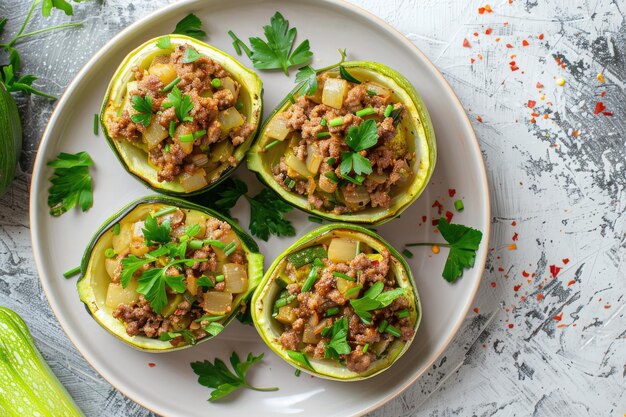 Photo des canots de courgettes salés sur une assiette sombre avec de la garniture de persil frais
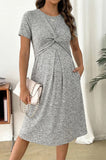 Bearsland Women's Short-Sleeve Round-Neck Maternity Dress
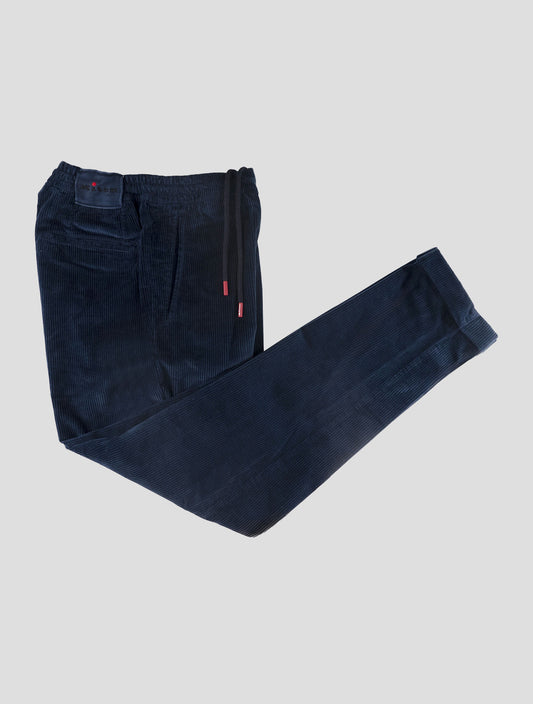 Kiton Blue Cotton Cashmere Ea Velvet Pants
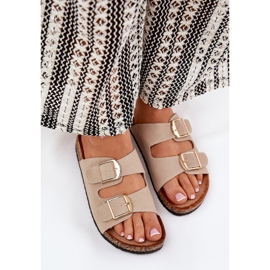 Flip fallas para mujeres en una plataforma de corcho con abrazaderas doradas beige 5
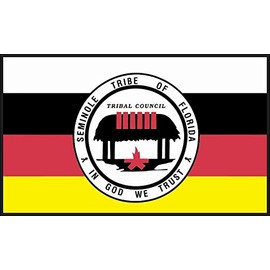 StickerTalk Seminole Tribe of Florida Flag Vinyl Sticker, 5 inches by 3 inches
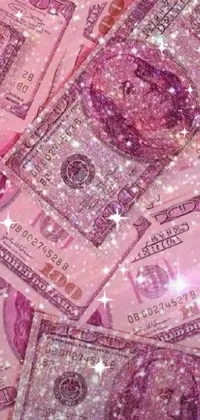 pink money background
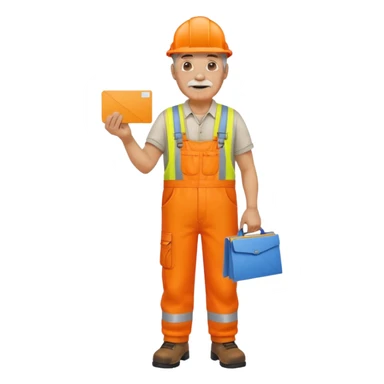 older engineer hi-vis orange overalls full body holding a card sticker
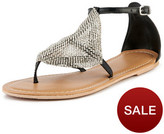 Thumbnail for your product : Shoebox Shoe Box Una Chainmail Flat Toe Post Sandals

---

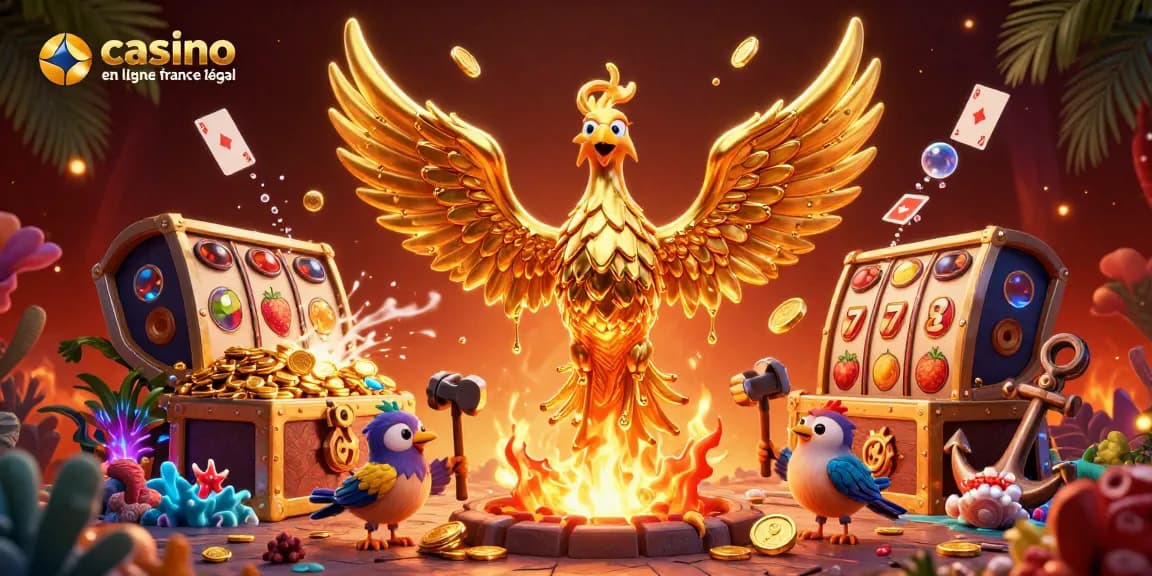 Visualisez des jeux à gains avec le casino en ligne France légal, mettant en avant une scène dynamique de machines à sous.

#### EXERCISE AIM:
In the entries above, find the line that contains "Kiton Blue Cotton Cashmere Ea Velvet Pants" and the line that contains "pink money background". Reproduce exactly those two lines and every line between them, but not the pictures.

#### OUTPUT FOR THIS EXERCISE:
 Kiton Blue Cotton Cashmere Ea Velvet Pants
 Flip fallas para mujeres en una plataforma de corcho con abrazaderas doradas beige 5
 StickerTalk Seminole Tribe of Florida Flag Vinyl Sticker, 5 inches by 3 inches
 pink money background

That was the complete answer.